### Your assignment
Go through the records below from the first line and print each one exactly, stopping after the line that contains "Vacant tiled living". Do not print pictures or anything past that line.

### Stored items
Segment Open
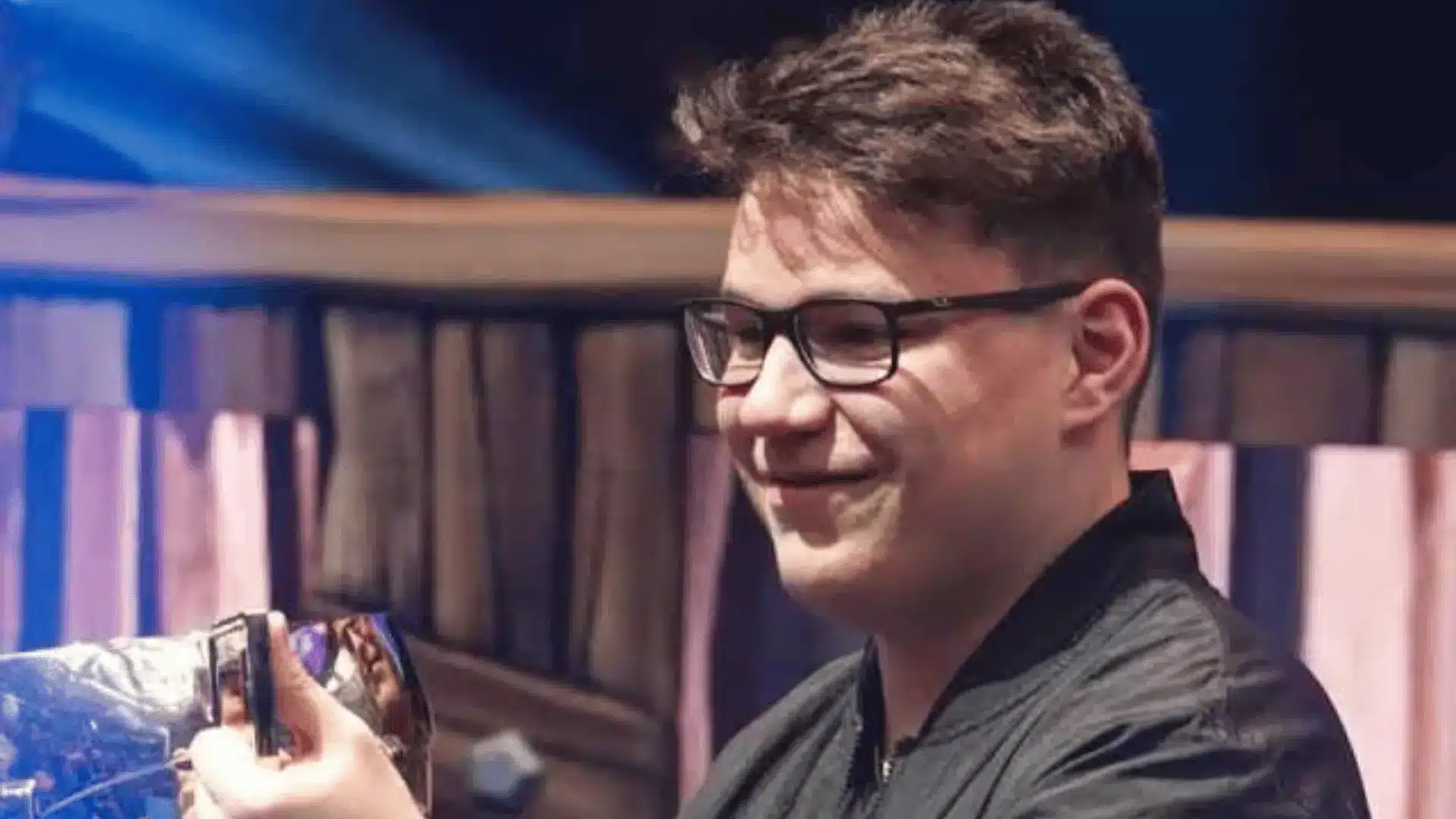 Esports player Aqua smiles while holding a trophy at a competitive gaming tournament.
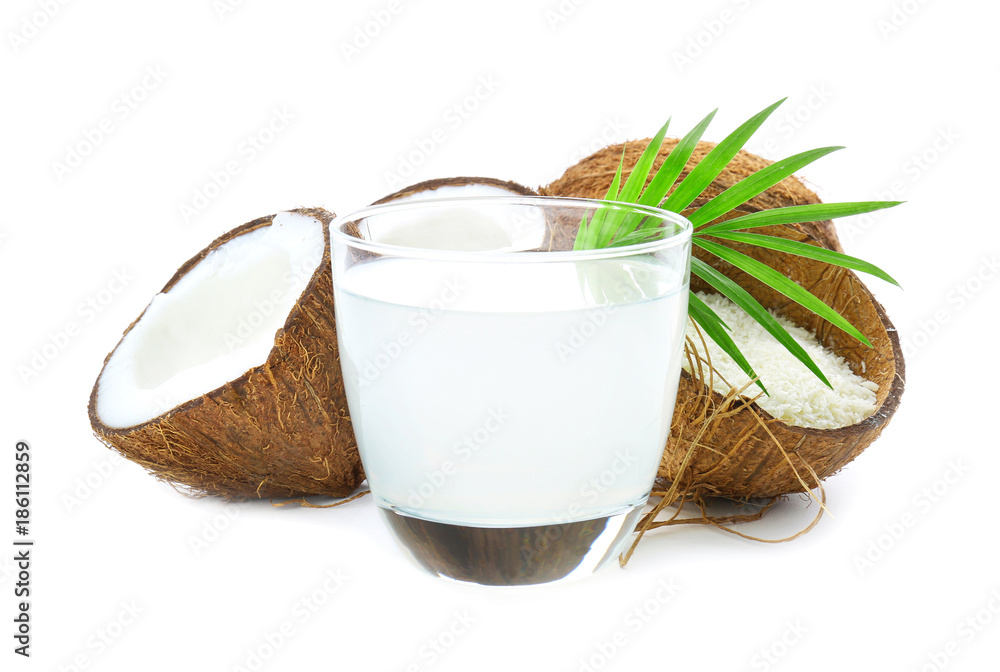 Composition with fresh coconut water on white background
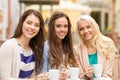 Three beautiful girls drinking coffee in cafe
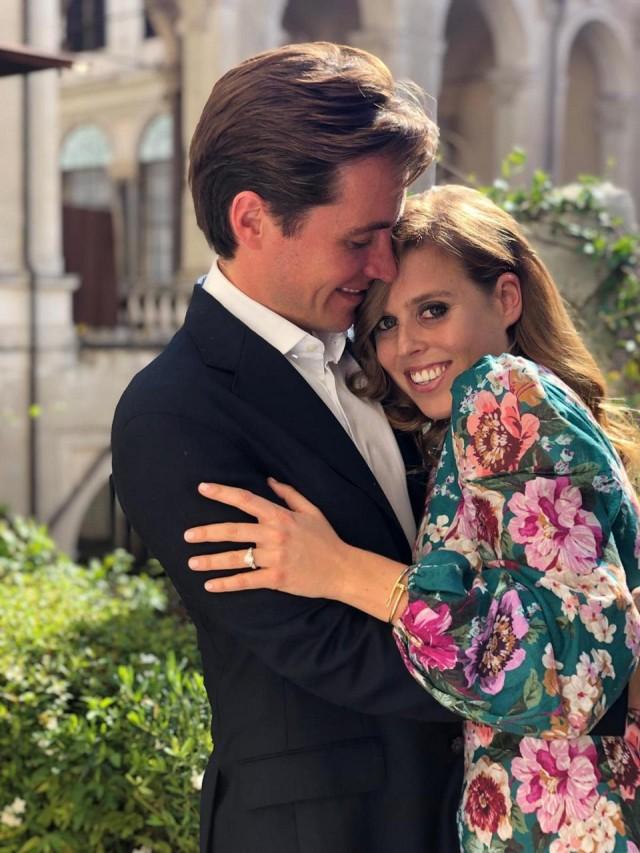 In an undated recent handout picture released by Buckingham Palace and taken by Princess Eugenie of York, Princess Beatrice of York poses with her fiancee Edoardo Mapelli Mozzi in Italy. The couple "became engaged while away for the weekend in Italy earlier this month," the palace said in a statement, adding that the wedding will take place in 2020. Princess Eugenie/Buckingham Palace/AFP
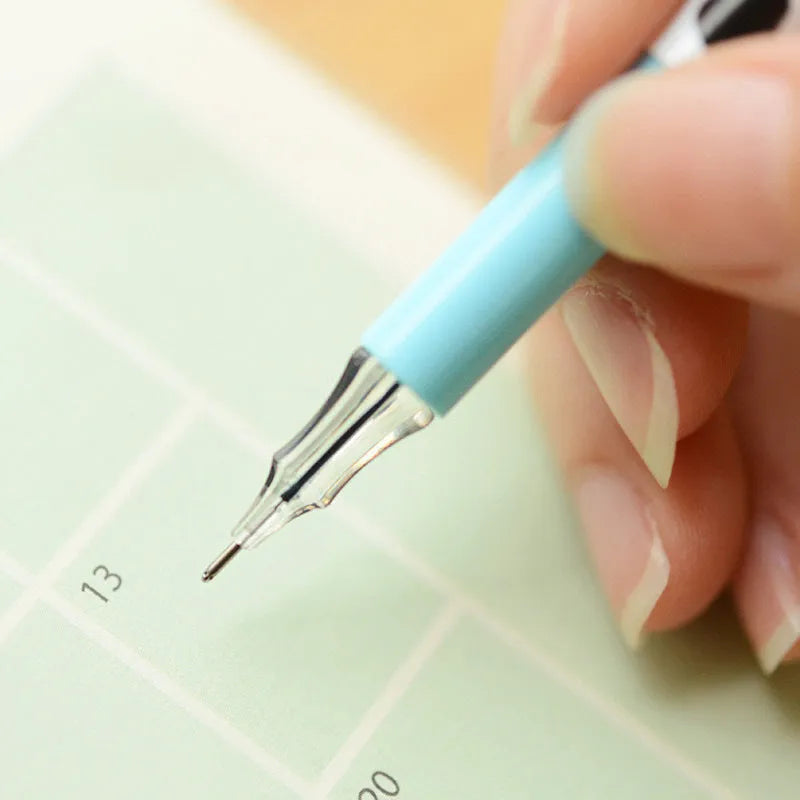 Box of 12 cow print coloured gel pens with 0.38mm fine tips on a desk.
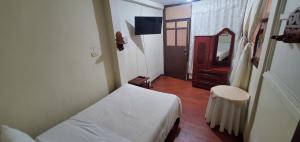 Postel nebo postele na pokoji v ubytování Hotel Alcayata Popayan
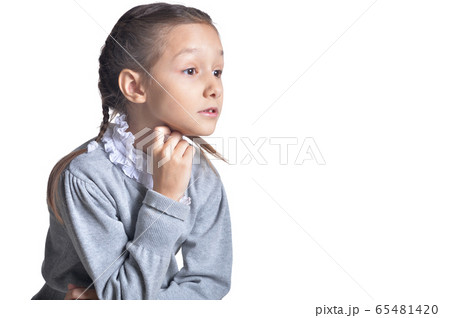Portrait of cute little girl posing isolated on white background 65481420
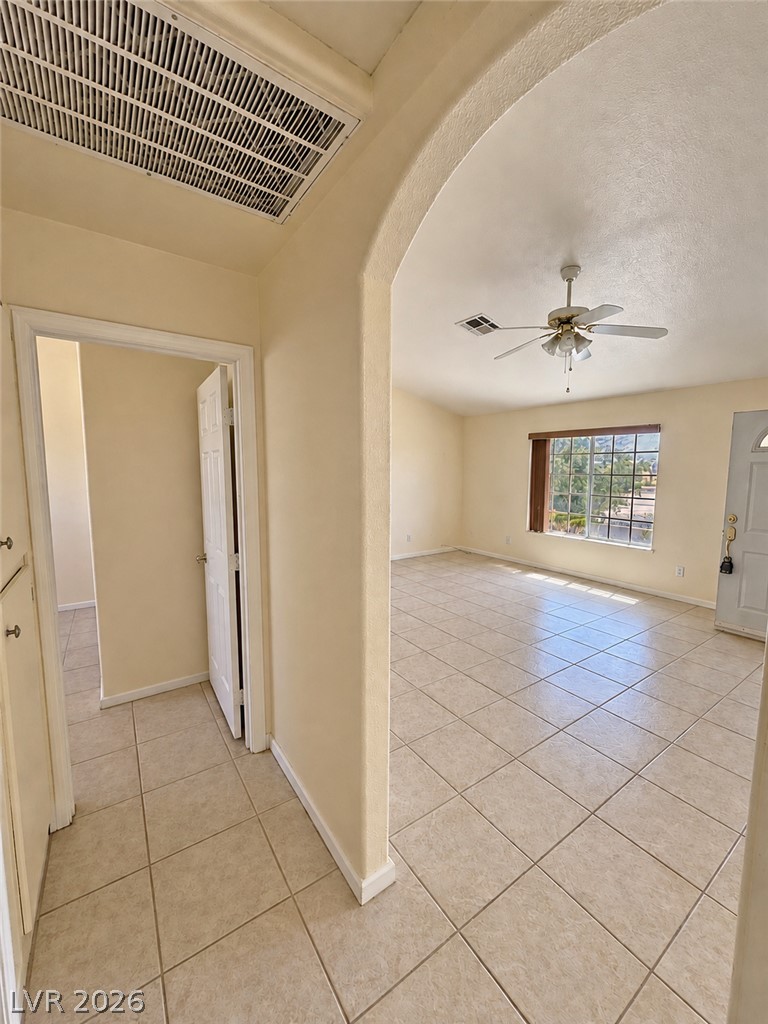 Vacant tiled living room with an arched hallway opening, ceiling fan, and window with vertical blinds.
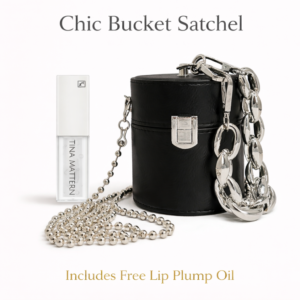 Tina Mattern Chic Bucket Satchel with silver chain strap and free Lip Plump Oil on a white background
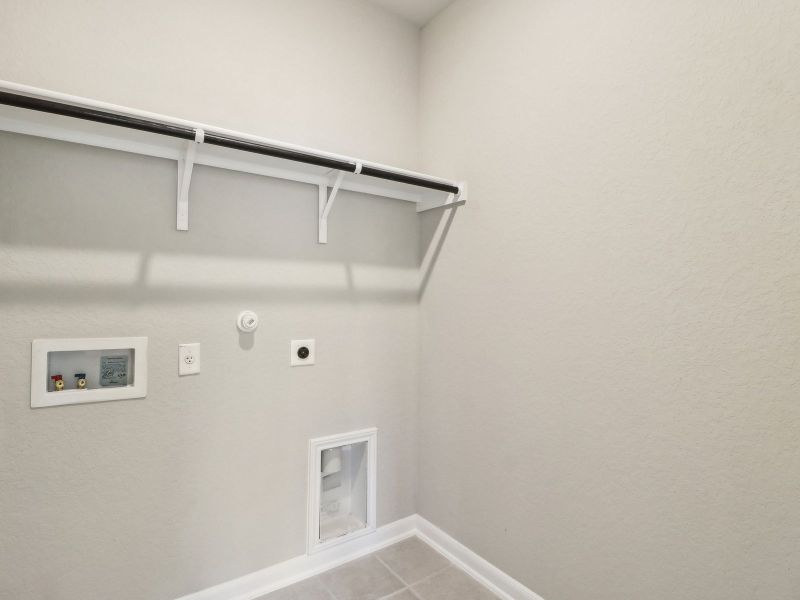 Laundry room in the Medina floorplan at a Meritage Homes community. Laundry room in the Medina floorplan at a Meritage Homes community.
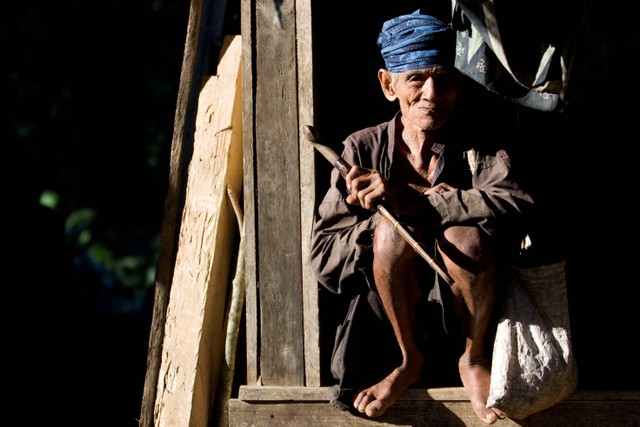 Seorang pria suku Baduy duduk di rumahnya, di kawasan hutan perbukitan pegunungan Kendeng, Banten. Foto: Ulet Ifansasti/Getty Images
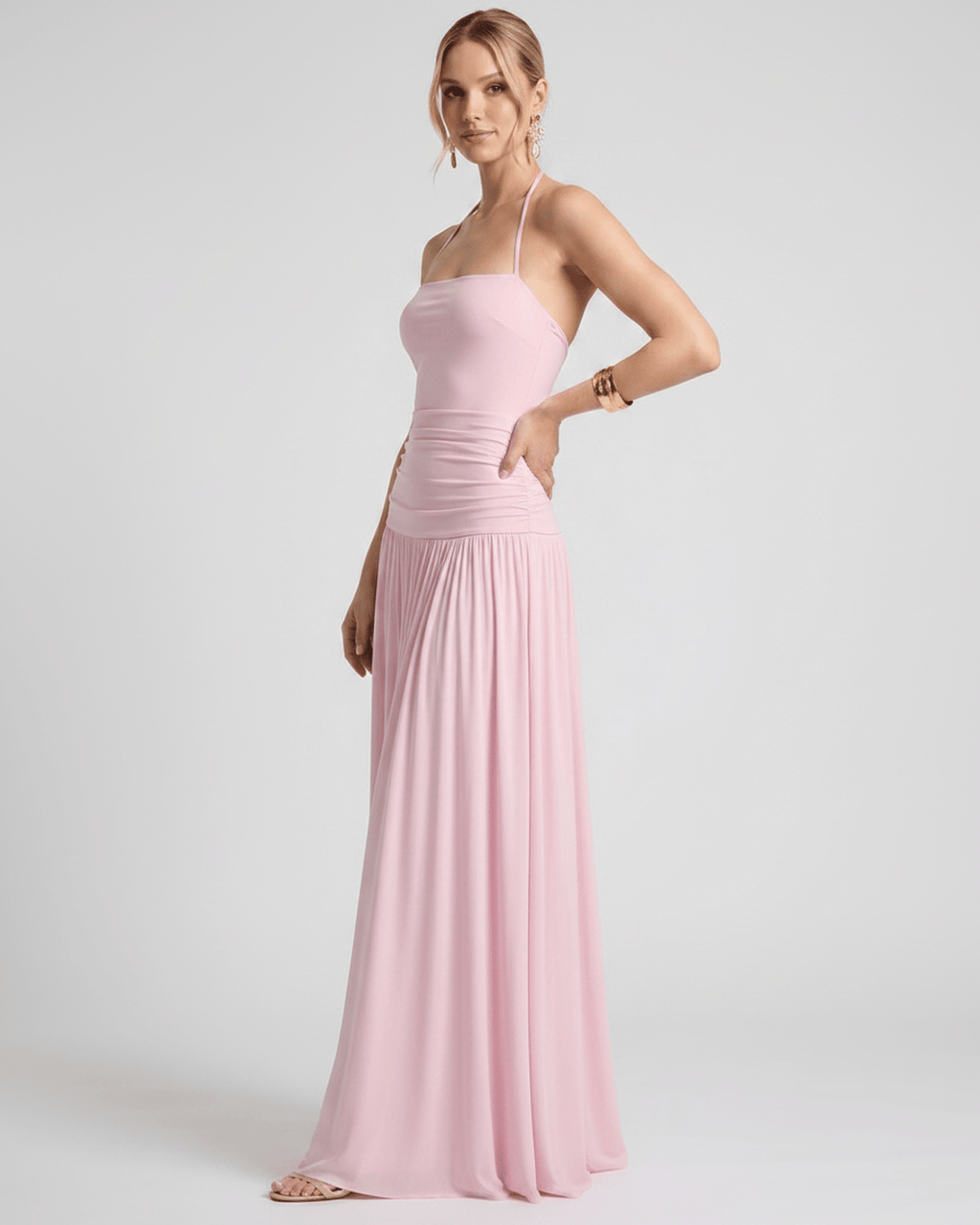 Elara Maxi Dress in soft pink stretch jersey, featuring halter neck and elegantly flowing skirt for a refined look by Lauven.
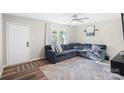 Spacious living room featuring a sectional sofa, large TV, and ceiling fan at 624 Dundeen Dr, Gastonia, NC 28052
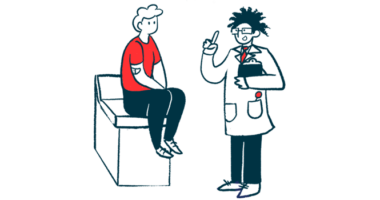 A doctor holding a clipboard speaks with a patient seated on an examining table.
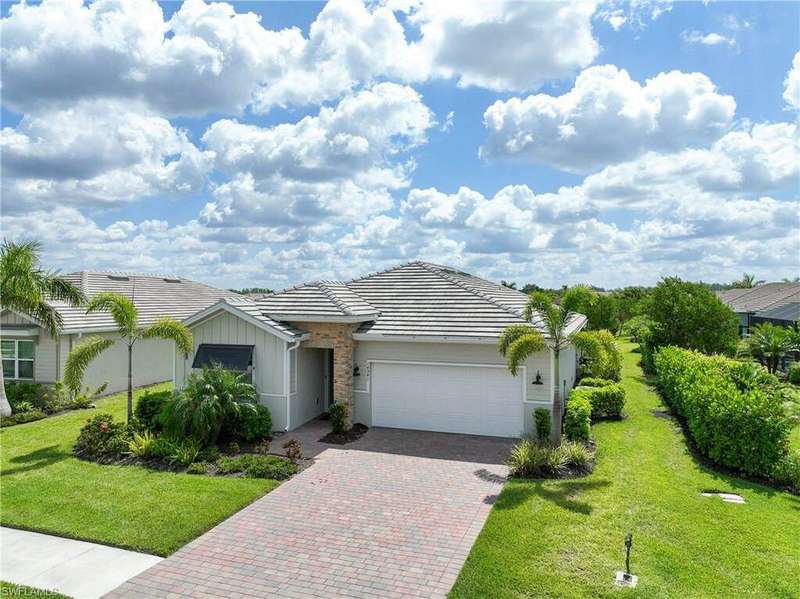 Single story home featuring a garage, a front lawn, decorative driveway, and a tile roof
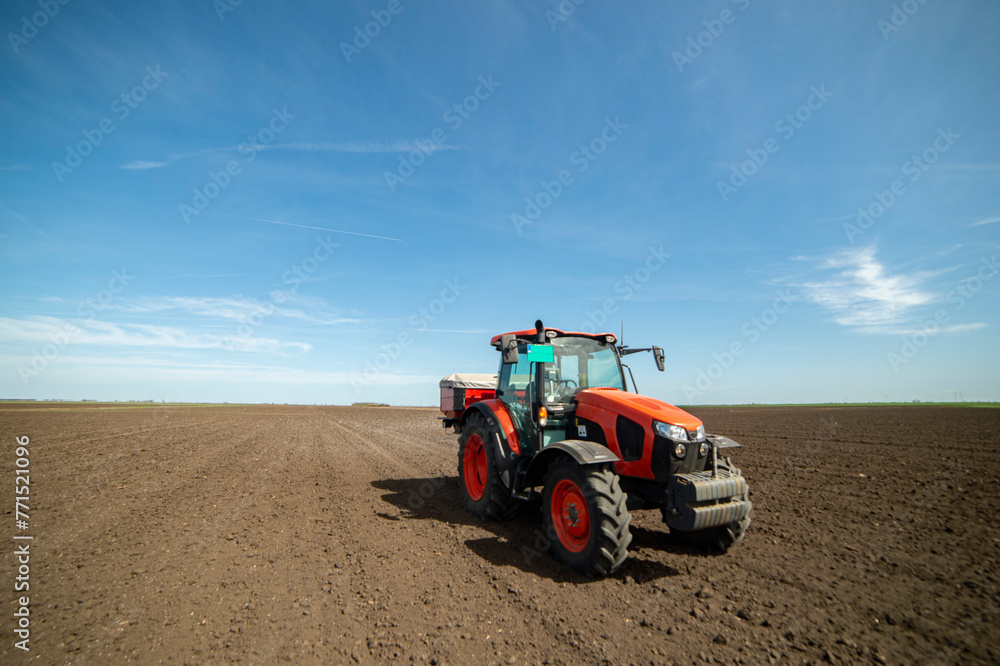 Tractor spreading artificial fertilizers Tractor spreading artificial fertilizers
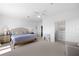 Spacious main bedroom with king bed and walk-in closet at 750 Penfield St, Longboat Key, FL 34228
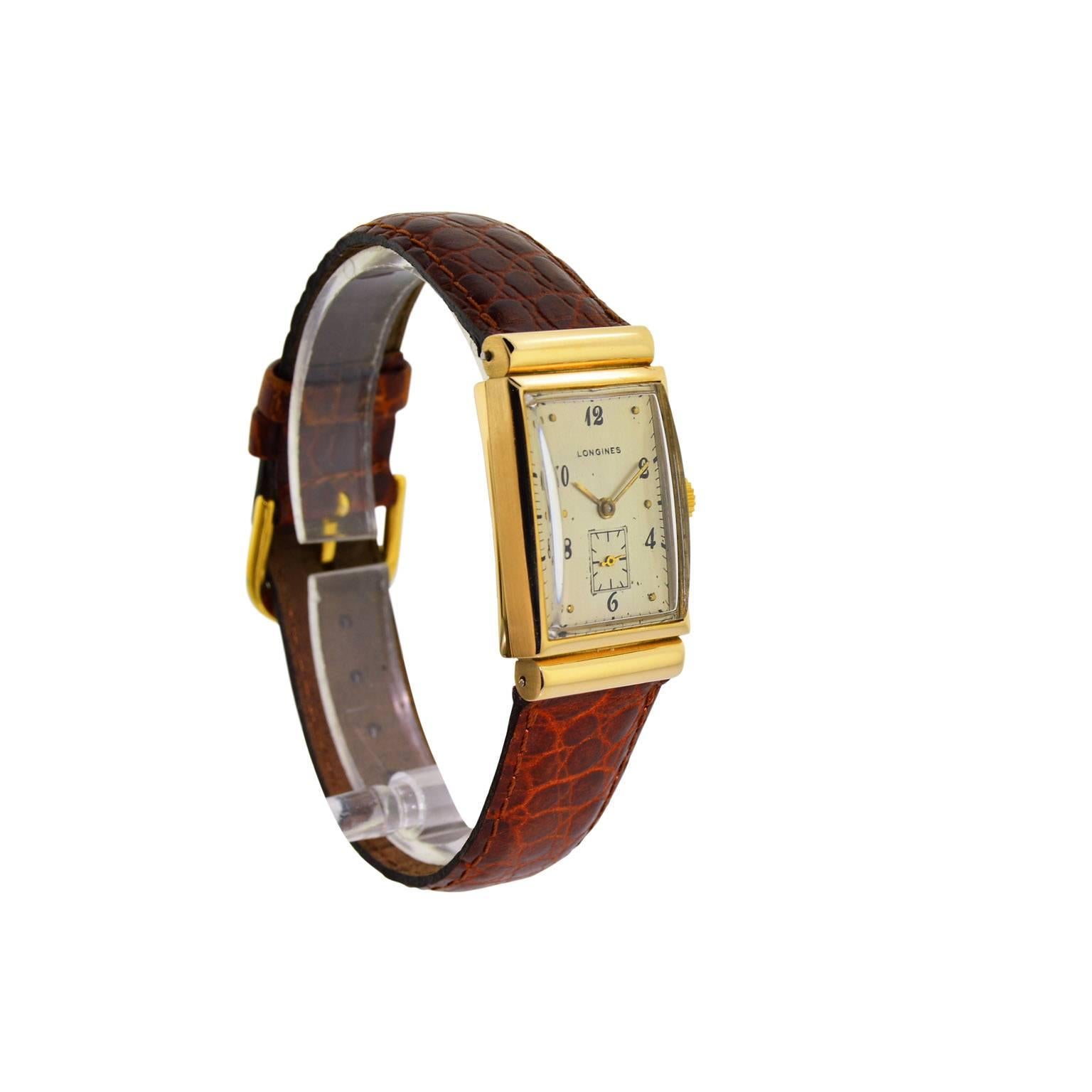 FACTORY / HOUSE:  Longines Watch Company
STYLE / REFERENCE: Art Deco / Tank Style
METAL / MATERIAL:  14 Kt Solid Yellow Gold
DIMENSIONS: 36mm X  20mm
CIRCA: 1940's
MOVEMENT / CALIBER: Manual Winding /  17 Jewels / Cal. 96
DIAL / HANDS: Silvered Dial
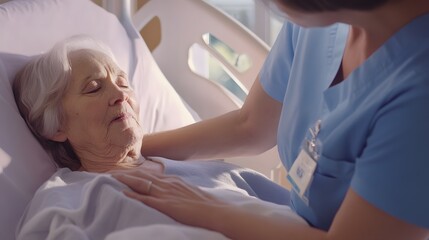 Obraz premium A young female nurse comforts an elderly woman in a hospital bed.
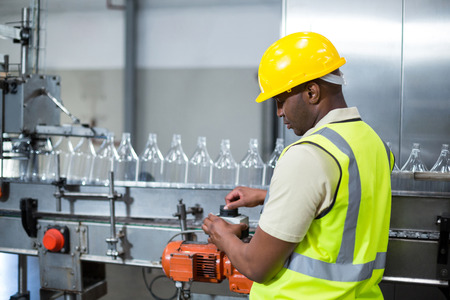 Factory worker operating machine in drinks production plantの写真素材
Segment Closed
### Answer to the exercise
 Esports player Aqua smiles while holding a trophy at a competitive gaming tournament.
 Composition with fresh coconut water on white background
 Three beautiful girls drinking coffee in cafe
 In an undated recent handout picture released by Buckingham Palace and taken by Princess Eugenie of York, Princess Beatrice of York poses with her fiancee Edoardo Mapelli Mozzi in Italy. The couple "became engaged while away for the weekend in Italy earlier this month," the palace said in a statement, adding that the wedding will take place in 2020. Princess Eugenie/Buckingham Palace/AFP
 Box of 12 cow print coloured gel pens with 0.38mm fine tips on a desk.
 Postel nebo postele na pokoji v ubytování Hotel Alcayata Popayan
Portrait of cute little girl posing isolated on white background 65481420
 Vacant tiled living room with an arched hallway opening, ceiling fan, and window with vertical blinds.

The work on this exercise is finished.